Consider the set of real numbers $\mathbb{R}$, which we know is the only complete ordered field up to isomorphism.
If we fix the following axioms for the 'addition' operation $\bot:\mathbb{R}^2\to \mathbb{R}$:
- Associativity
- Commutativity
- Identity element 0 (not that there exists some 0 element, but that the identity element is actually the canonical 0).
- All elements have their own unique inverse
[this defines an abelian group over the set $\mathbb{R}$ with identity 0]
and finally
- $\bot$ is distributive over multiplication: $\forall a,b,\lambda\in \mathbb{R}, $ $\lambda\cdot (a\bot b)=(\lambda \cdot a) \bot (\lambda \cdot b).$
Do these axioms uniquely determine addition on $\mathbb{R}$ up to automorphism?
The example of $a\bot b := (a^3+b^3)^{1/3}$ shows that these axioms do not uniquely determine addition. However, the automorphism $f(x)=x^3$ makes this operation still effectively the same as addition.

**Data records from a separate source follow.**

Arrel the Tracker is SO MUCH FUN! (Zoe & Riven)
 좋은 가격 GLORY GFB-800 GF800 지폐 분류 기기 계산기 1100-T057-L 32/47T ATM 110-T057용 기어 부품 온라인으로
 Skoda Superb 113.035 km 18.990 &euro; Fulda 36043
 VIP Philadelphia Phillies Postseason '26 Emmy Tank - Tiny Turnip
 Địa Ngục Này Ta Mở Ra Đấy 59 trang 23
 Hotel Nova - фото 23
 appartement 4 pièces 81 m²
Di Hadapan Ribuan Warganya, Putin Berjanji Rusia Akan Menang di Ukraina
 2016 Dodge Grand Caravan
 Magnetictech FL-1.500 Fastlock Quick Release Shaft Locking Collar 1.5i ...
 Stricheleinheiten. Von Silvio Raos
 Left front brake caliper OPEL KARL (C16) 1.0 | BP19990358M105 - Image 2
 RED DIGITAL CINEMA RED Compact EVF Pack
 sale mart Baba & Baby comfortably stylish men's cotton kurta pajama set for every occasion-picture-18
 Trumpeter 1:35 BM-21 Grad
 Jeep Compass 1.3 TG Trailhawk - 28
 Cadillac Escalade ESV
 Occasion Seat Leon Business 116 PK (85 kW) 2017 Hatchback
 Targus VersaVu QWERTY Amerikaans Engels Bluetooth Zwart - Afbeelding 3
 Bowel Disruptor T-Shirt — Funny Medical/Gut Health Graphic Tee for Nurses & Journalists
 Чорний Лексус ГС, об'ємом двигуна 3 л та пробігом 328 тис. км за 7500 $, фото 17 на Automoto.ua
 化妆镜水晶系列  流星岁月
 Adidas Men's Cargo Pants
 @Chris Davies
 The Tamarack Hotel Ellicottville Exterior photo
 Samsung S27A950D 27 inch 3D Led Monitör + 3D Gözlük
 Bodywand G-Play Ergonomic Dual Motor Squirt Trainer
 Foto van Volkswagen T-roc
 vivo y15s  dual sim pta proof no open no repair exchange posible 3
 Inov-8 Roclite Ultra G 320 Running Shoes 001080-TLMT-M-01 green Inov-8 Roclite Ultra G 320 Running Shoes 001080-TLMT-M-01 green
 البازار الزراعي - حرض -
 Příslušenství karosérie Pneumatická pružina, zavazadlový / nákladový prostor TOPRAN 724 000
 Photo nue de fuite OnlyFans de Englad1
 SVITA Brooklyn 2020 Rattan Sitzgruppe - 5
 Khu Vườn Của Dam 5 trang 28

The question is whether all operations $\bot$ which adhere to these axioms have an automorphism with addition.
And as a secondary question, if it turns out that they do:
Is the fifth axiom necessary, or is the only abelian group with identity 0 on the real numbers addition (up to automorphism)?
EDIT: The second part has been answered, and the answer is yes, it is necessary.
Your axioms do not determine addition uniquely. Note that if $K$ is any field and $f:\mathbb{R}^\times\to K^\times$ is an isomorphism of the multiplicative groups, then the operation $(x,y)\mapsto f^{-1}(f(x)+f(y))$ (and $(x,0)\mapsto x$, $(0,y)\mapsto y$) will satisfy your axioms, and will only be equivalent to ordinary addition in your sense if $K$ is isomorphic to $\mathbb{R}$ as a field.
Now note that the abelian group $\mathbb{R}^\times$ is not too hard to understand. It is the direct sum of the subgroups $\{\pm1\}$ and $\mathbb{R}_+$, and $\mathbb{R}_+$ is a vector space over $\mathbb{Q}$ since every positive real number has an $n$th root for any $n$. More generally, the same description holds for $K^\times$ if $K$ is any ordered field in which every positive element has an $n$th root for any $n$. Since two $\mathbb{Q}$-vector spaces of the same uncountable cardinality are isomorphic, it follows that if $K$ is any ordered field of the same cardinality as $\mathbb{R}$ in which every positive element has an $n$th root for any $n$, then $K^\times\cong\mathbb{R}^\times$.
However, such a field need not be isomorphic to $\mathbb{R}$, and so can give rise to a different "addition" on $\mathbb{R}$ satisfying your axioms. For instance, you could take $K$ to be any non-archimedean real-closed field of cardinality $2^{\aleph_0}$ (e.g., the real closure of $\mathbb{R}(x)$ where $x$ is infinitely large).